Reverse Engineering Flash Games
by JavanteaDec 7, 2014
Unproprietary 0.4: Nov 25, 2015
Unproprietary 0.5: Sept 11, 2016
unproprietary-0.5 [sig]
unproprietary-0.4 [sig]
unproprietary-0.3 [sig]
unproprietary-0.2.1 [sig]
Git repository: git clone https://www.altsci.com/repo/unproprietary.git
Lume is a simple point and click Flash game available from Steam and Humble Bundle. I got it as part of of the Humble Weekly Sale: Amanita & Friends bundle and played it because I was interested in playing a short puzzle game one night. Since it's only 30 MB, it's pretty much guaranteed that it's a short game. It took an hour or so to complete and had some excellent puzzles. One of the main features of the game is the graphics which were made by a good artist with good style. Today, I was able to reverse engineer the game in a short amount of time using some custom tools I wrote, so I'm going to release them and ask for pull requests. Reverse engineering file formats is not a difficult process, but it is time consuming and it is more difficult to automate, so tools that do the work for us are valuable. That is why I'm releasing this simple set of tools I wrote.
If you'd like to follow along, you can buy Lume on Humble Store for $5.99. It supports Linux, Mac, and Windows. Lume has a Metacritic score of 69 and a high score of 83 by GameShark. A sequel was released recently called Lumino City (5 days ago) and it has gotten good reviews. It looks brilliant but it isn't released for Linux yet.
Let's get to it.
Method
First, we are only given an ELF file for Lume. This makes it easy to choose what to use to reverse it. Strings is an important part of the reverse engineering toolset. It gives you any ascii strings in the file. You can also use flags to get UTF-16 which is common in Windows programs and Mono programs which are common.
strings -a -n 10 Lume |less
There are a huge number of strings, but this should not stop us. Skip to the bottom and work your way up. These are strings from the game. After a while, we see a ton of "LAME3.98.2". This is a marker for an MP3 compressor. This means we can pull out all the mp3s with a special tool that can detect MP3s. We also see HTML which is a sign of Adobe Flash. It isn't proof that they're using Flash because a lot of people use HTML, but it's a good sign. We also see "Adobe Photoshop CS Windows" along with "IEC http://www.iec.ch" which is a pretty clear sign of JPEG files. When you see, "GCC: (GNU) 4.1.3 20070929 (prerelease) (Ubuntu 4.1.2-16ubuntu2)", you're at the bottom of the ELF, so you don't have to go further up unless you want to.

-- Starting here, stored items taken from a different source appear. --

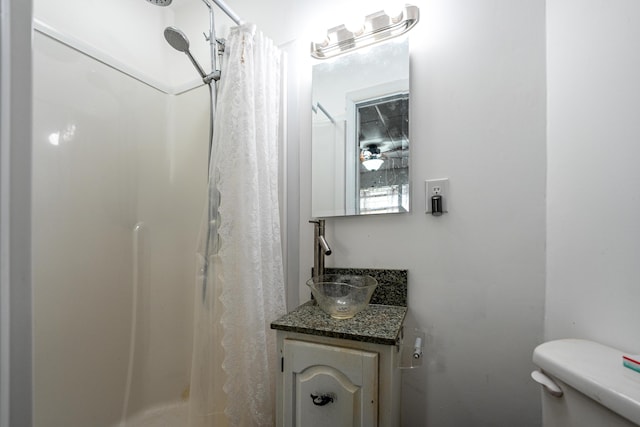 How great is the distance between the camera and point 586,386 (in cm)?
57

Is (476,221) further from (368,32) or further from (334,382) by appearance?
(368,32)

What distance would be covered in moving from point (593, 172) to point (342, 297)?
0.84 m

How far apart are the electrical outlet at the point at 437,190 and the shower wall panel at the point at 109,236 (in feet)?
3.80

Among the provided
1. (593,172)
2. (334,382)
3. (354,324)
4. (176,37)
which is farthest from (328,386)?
(176,37)

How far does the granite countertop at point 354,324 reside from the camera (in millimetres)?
756

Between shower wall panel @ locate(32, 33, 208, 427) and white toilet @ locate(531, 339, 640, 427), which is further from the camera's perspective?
shower wall panel @ locate(32, 33, 208, 427)

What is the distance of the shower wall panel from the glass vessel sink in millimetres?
892

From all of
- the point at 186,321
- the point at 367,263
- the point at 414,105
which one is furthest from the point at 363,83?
the point at 186,321

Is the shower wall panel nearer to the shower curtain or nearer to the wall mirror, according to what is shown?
the shower curtain

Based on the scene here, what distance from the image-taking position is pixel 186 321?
4.99 feet

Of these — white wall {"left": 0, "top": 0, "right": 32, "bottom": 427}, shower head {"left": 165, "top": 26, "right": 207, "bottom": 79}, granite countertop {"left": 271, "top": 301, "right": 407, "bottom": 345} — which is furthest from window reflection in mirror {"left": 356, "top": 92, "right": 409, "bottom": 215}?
white wall {"left": 0, "top": 0, "right": 32, "bottom": 427}

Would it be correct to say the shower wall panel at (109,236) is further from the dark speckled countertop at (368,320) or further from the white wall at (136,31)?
the dark speckled countertop at (368,320)

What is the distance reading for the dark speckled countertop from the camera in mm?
765

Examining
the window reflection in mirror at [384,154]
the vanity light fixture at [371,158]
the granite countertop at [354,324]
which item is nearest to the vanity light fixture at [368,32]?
the window reflection in mirror at [384,154] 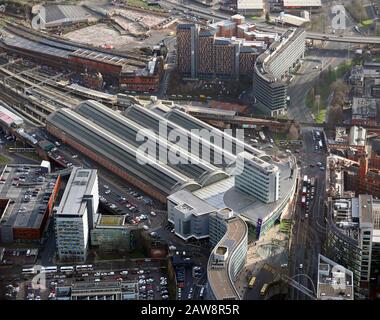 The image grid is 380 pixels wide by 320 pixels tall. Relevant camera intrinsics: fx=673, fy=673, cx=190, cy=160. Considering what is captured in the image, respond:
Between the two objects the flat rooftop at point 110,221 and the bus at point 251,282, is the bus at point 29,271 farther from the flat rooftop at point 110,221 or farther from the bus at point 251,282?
the bus at point 251,282

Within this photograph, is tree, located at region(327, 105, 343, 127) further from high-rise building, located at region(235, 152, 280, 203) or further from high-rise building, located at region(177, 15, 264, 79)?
high-rise building, located at region(235, 152, 280, 203)

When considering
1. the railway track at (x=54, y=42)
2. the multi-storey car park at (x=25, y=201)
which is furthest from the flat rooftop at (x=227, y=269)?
the railway track at (x=54, y=42)

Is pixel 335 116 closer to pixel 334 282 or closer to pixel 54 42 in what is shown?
pixel 334 282

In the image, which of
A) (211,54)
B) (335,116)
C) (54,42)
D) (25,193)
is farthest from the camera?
(54,42)

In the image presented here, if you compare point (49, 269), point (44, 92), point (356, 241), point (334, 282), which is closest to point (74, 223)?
point (49, 269) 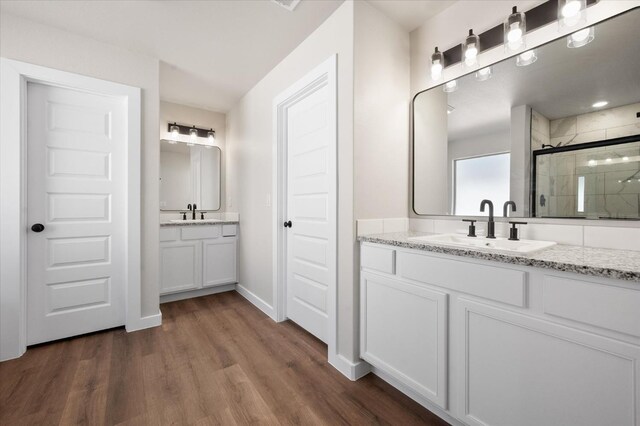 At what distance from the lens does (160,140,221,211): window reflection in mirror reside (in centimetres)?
359

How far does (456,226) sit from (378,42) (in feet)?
4.43

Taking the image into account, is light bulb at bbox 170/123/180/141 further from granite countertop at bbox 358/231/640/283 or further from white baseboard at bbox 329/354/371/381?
granite countertop at bbox 358/231/640/283

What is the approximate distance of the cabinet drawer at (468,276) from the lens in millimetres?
1101

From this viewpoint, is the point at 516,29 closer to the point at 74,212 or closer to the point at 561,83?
the point at 561,83

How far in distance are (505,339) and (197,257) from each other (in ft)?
10.3

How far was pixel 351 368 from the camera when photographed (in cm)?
179

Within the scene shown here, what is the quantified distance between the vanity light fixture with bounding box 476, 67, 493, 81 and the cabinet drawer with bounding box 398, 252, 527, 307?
1181mm

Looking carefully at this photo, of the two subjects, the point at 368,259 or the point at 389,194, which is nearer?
the point at 368,259

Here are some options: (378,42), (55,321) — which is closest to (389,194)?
(378,42)

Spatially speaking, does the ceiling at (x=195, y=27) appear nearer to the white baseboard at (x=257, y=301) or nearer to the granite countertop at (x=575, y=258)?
the granite countertop at (x=575, y=258)

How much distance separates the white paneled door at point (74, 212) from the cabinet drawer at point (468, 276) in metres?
2.44

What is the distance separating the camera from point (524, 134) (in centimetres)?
158

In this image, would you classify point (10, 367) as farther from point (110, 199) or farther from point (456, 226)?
point (456, 226)

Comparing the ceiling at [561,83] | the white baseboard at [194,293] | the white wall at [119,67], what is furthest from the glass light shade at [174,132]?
the ceiling at [561,83] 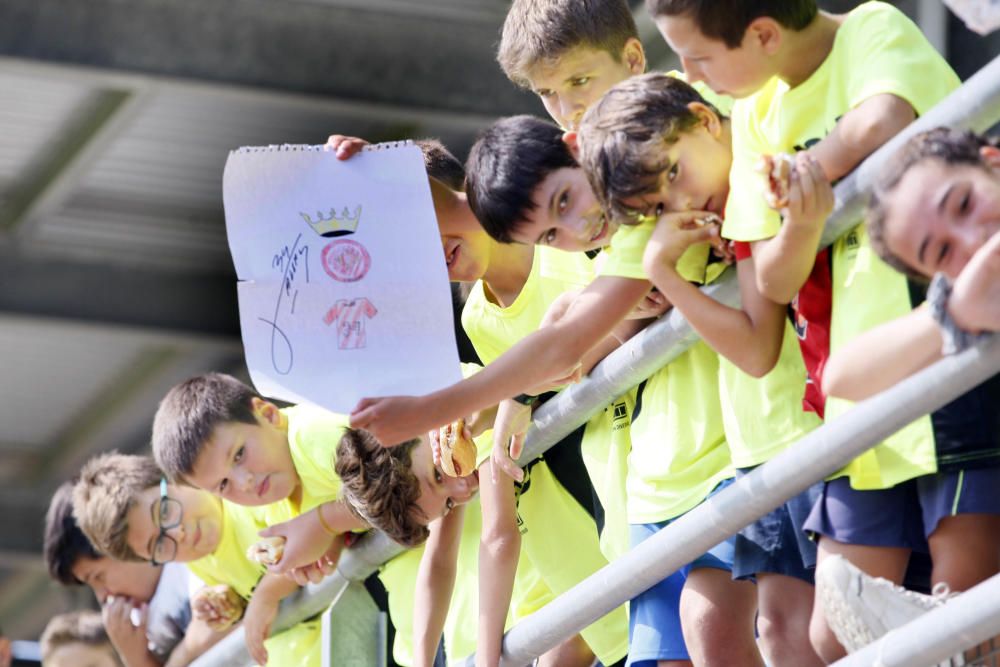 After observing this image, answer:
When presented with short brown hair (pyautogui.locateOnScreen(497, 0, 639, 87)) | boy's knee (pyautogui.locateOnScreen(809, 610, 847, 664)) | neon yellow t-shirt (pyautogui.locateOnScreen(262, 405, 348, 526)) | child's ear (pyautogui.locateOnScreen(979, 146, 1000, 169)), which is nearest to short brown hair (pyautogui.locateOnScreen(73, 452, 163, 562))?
neon yellow t-shirt (pyautogui.locateOnScreen(262, 405, 348, 526))

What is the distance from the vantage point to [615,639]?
3447mm

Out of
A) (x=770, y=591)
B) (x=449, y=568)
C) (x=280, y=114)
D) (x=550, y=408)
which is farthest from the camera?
(x=280, y=114)

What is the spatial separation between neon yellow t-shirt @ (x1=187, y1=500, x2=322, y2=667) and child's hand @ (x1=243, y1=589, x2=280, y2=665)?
0.16 meters

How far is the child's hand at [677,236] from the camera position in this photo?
272cm

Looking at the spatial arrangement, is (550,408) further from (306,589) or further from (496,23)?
(496,23)

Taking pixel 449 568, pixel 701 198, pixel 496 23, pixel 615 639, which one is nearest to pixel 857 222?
pixel 701 198

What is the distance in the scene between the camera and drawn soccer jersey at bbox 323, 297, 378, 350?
303 centimetres

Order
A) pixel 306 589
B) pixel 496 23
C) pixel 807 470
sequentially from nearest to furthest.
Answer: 1. pixel 807 470
2. pixel 306 589
3. pixel 496 23

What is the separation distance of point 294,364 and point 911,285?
1015 millimetres

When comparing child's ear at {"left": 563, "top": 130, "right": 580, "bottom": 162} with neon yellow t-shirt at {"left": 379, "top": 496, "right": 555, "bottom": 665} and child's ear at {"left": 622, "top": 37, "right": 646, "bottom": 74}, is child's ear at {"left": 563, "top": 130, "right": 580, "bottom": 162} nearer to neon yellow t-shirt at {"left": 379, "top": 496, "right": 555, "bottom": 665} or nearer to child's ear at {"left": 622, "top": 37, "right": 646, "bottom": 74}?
child's ear at {"left": 622, "top": 37, "right": 646, "bottom": 74}

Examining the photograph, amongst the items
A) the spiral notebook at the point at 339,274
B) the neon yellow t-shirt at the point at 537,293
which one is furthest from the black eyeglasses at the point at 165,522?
the spiral notebook at the point at 339,274

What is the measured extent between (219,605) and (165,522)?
0.76 ft

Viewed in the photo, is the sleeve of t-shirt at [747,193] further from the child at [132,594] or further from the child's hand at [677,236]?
the child at [132,594]

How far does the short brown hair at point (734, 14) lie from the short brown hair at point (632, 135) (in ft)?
0.44
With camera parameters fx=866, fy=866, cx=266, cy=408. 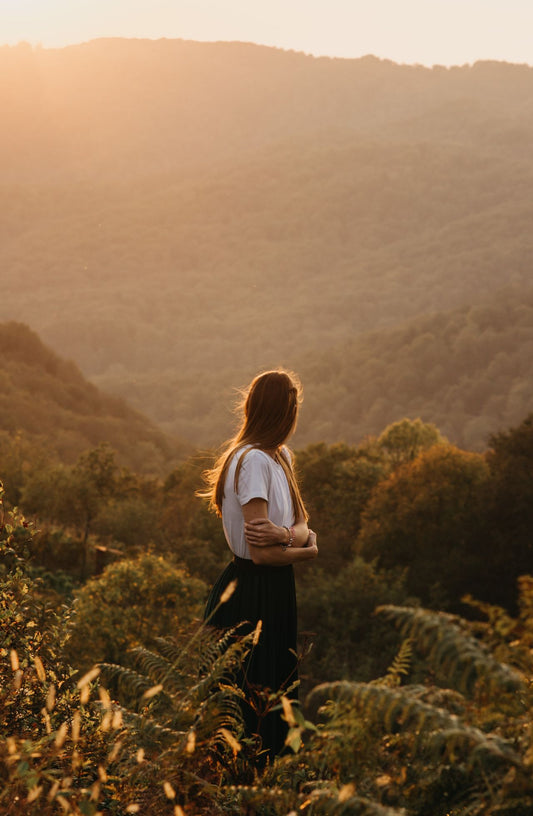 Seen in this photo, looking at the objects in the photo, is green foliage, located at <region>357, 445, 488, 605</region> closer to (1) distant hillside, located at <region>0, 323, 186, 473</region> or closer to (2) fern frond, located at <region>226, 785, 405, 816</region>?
(2) fern frond, located at <region>226, 785, 405, 816</region>

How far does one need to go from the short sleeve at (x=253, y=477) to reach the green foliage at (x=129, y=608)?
893cm

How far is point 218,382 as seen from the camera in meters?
150

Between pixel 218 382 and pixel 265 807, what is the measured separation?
148022mm

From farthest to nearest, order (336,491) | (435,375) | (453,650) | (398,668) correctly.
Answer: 1. (435,375)
2. (336,491)
3. (398,668)
4. (453,650)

The next step is to look at the executable itself. Objdump is a common tool to disassemble and look at different parts of the executable. It's a part of binutils and should be on every system. If it isn't, install it. You never know when you will need to disassemble a binary.
objdump -x Lume
The program headers and the section headers don't go past 10500519. Suspicious, right? The file is 30MB, the ELF only describes 10MB. Our hex editor shows that the game stuff starts at 10MB. I use KDE's hex editor, okteta, but you just need a hex editor that works.
okteta Lume
Note the offset at which the interesting stuff starts. In this case it's a03a90. Since it's hex, you'll want the decimal version of that number. You can use python to do that. Simply type 0xa03a90 into the python command line and it will give you the decimal value. The opposite operation (decimal to hex) is done with the hex function. hex(10500752) == '0xa03a90'. Note that it returns a string because that's how you can use it in your programs.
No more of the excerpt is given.